▶ **ASSIGNED TASK**:
When you reach the line containing "Develan placa de" in the entries below, start writing out each line exactly, and stop after the line containing "Embassy Suites By".

▶ **RECORDS PROVIDED**:
--------

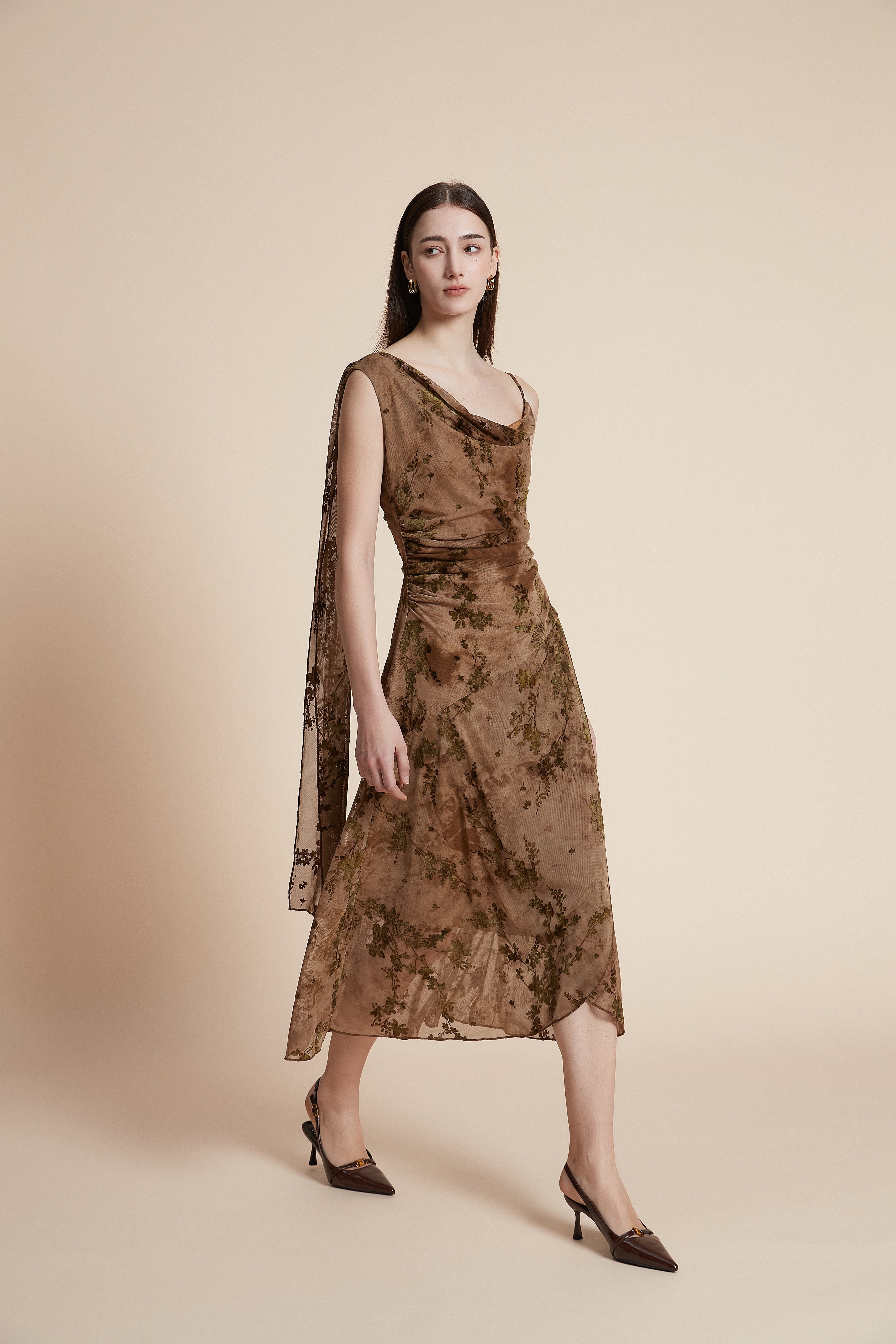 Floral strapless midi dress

--------

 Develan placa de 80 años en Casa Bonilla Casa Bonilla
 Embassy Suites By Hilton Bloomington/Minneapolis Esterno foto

--------

▶ **SOLVED PROBLEM**:
 Develan placa de 80 años en Casa Bonilla Casa Bonilla
 Embassy Suites By Hilton Bloomington/Minneapolis Esterno foto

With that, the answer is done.